Is it me or is this news just plain dumbfounding? The U.S. and Israel’s first response to a democratically elected Hamas government in the Palestinian territories is to derail it? And not just subtly, but openly? And then we find out that "the United States and the European Union in particular want any failure of Hamas in leadership to be judged as Hamas’s failure, not one caused by Israel and the West." Maybe the reporters garbled something. But a policy of democratization in the Middle East does not exactly gain credibility when its architects try and destroy whichever government emerges from democracy. The rationale seems to be that Hamas did much better in the allocation of seats than in the wider vote. But that applies to dozens of democratically elected governments the world over. I can certainly see why the U.S. and the E.U. might want to put conditions on aid to the Palestinians. But if you want to have the worst of all worlds, insist on democracy and then insist on undermining it.

Email from the Front

A soldier in Iraq writes:

"So – yeah – the war – I wish I could put down what I feel about it.  I mean, I feel a lot of rage over how we have fucked this thing up as if we had a play book on just how to do it wrong, step by step. Too few men on the ground (in the military sense) going in and too few to hold the land once we claimed it. I feel simultaneous pride and pity in the guys over here who came to fight terrorism – thinking that there was some link between Hussein and Bin Laden. However, we are here now. The notion of putting down a foot-hold of democracy somewhere over here is definitely the right thing to do. There is no denying how the Iraqis have welcomed at least the elections we have brought to them. But I still can’t get over how if we’d followed the advice of the senior generals and the war plans developed by years of experienced strategists – this counter-insurgency battle would not be looming over our heads as perilously as it is. But I am here now to support my fellow warriors. It’s that simple."
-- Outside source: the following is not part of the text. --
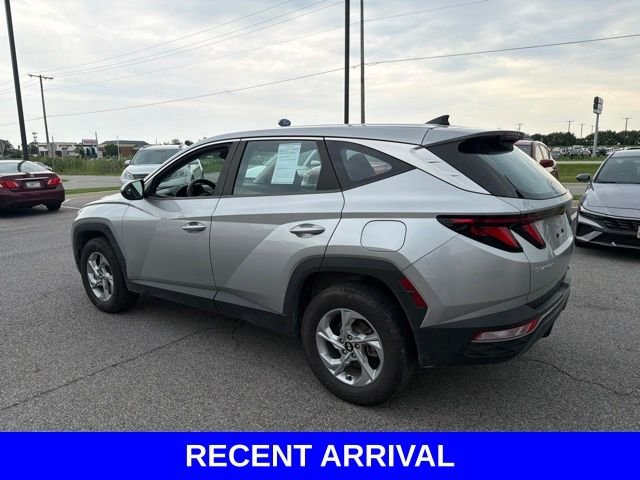 Used 2022 Silver Hyundai SE image 11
All I can add to that is: I’m grateful, deeply grateful, for his service, and that of so many, forced to carry the burden of a war their superiors bungled beyond belief. May they be protected; and may their mission succeed.

A Real Olympian

With endorsements, huge salaries, steroid-cheating, perjury, wife-beating, and other malefactions affecting the sports world, what a pleasant experience to watch Joey Cheek’s superb performance in speed-skating last night, and now the donation of his prize money to help the displaced kids of Darfur. Some good news, for a change. (Okay, okay, he’s hot. But now he’s even hotter.)